The link to the aforesaid Notification is as follows:
https://egazette.gov.in/(S(oq2yvuqnqqvodhoiziwcuoo2))/ViewPDF.aspx
4. Institutional mechanism by Asset Management Companies for identification and deterrence of potential market abuse including front-running and fraudulent transactions in securities
SEBI vide Circular SEBI/HO/IMD/IMD-PoD-1/P/CIR/2024/107 dated August 05, 2024, directed all Asset Management Companies (AMCs) to establish an institutional mechanism to detect and deter market abuse, including front-running and fraudulent transactions in securities.
Following consultations with stakeholders, including the Mutual Funds’ Advisory Committee and a public consultation, the SEBI (Mutual Funds) Regulations, 1996 were amended to mandate this requirement. AMCs are required to implement enhanced surveillance systems, internal control procedures, and escalation processes to monitor and address misconduct.
The mechanism shall ensure the following:
a. Accountability
b. Alert-based surveillance mechanism
c. Processing of alerts
d. Standard operating procedure
e. Action on suspicious alerts
f. Escalation process
g. Whistleblower policy
h. Periodic review
For the effective functioning of institutional mechanisms, the stock exchanges and depositories shall develop systems, in consultation with AMFI, to enable data sharing with AMCs. AMCs shall report all examined alerts to SEBI along with action taken, in the Compliance Test Report (‘CTR’) and the Half-yearly Trustee Report (‘HYTR’).
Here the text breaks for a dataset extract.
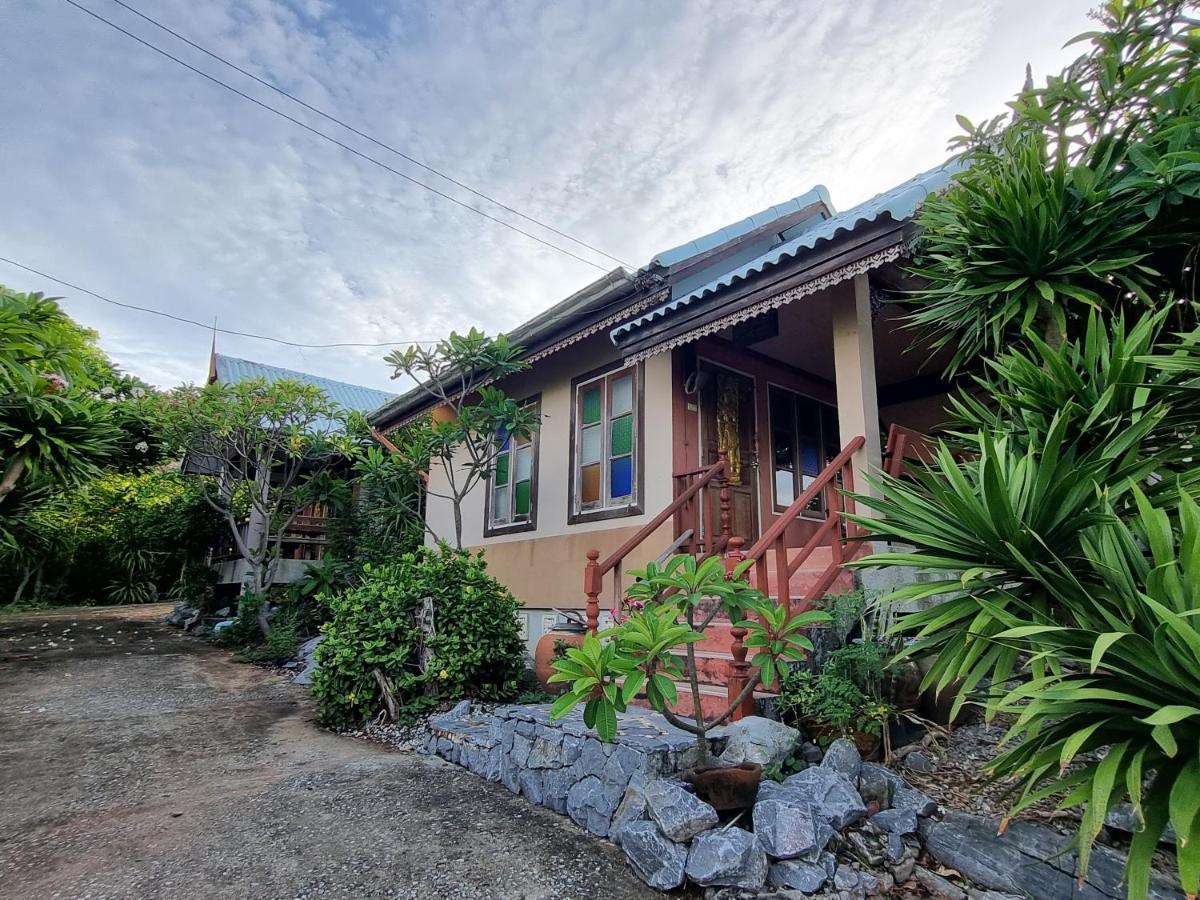 Hello Sichang Bungalow Ko Si Chang Exterior photo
To ensure uniform implementation of the abovementioned institutional mechanism across the industry, AMFI in consultation with SEBI, shall prescribe the detailed implementation standards within 15 days from the date of this circular. The detailed implementation standards issued by AMFI shall mandatorily be followed by all AMCs.
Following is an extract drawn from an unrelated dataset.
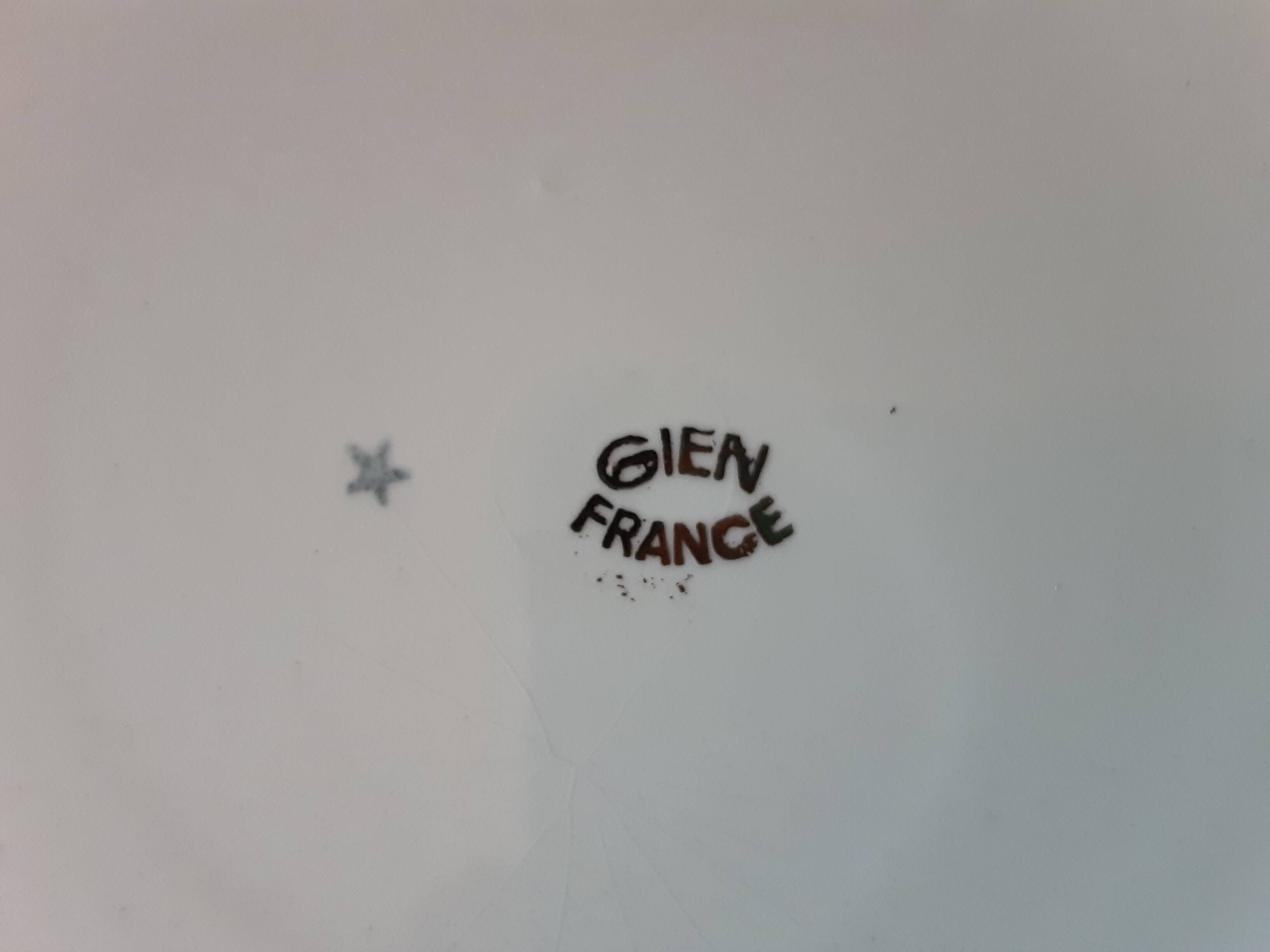 Gien hollow dish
The link to the aforesaid Circular is as follows:
SEBI | Institutional mechanism by Asset Management Companies for identification and deterrence of potential market abuse including front-running and fraudulent transactions in securities
5. Consultation Paper on Streamlining the process and reduction in timelines of Bonus Issue
SEBI issued a Consultation Paper proposing to streamline and reduce timelines of bonus issues enabling T+2 trading of shares post record date (T Day).
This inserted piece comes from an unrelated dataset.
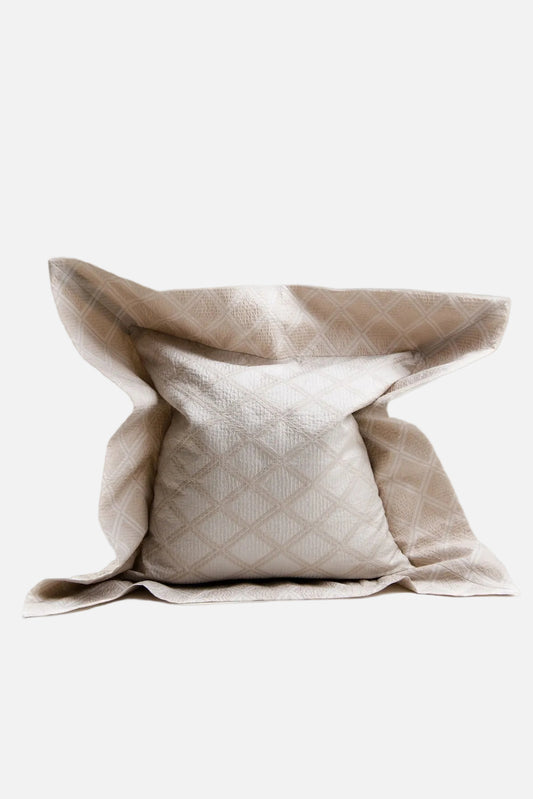 Irisfe Cushion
The existing provision SEBI (Issue of Capital and disclosure requirement) Regulation 2018, states that a bonus issue must be implemented within 15 days from board approval. If shareholders’ approval is needed, the bonus issue must be implemented within 2 months from the board meeting decision. This means that ICDR regulations have prescribed a timeline for the implementation of the bonus issue.
However, the ICDR Regulations do not specify timelines for crediting bonus shares and making them available for trading after the record date, leading to non-uniformity w.r.t. timelines in which shares are credited and made available for trading in bonus issue.
Hence it is proposed to prescribe specific timelines for trading of such bonus shares i.e. T+2 which means shares will be available for trading 2 days after the record date. SEBI aims to standardize the process across all issuers, ensuring that all bonus shares are credited and made available for trading within the same timeframe. The consultation paper also proposes operational procedures with regard to bonus issues.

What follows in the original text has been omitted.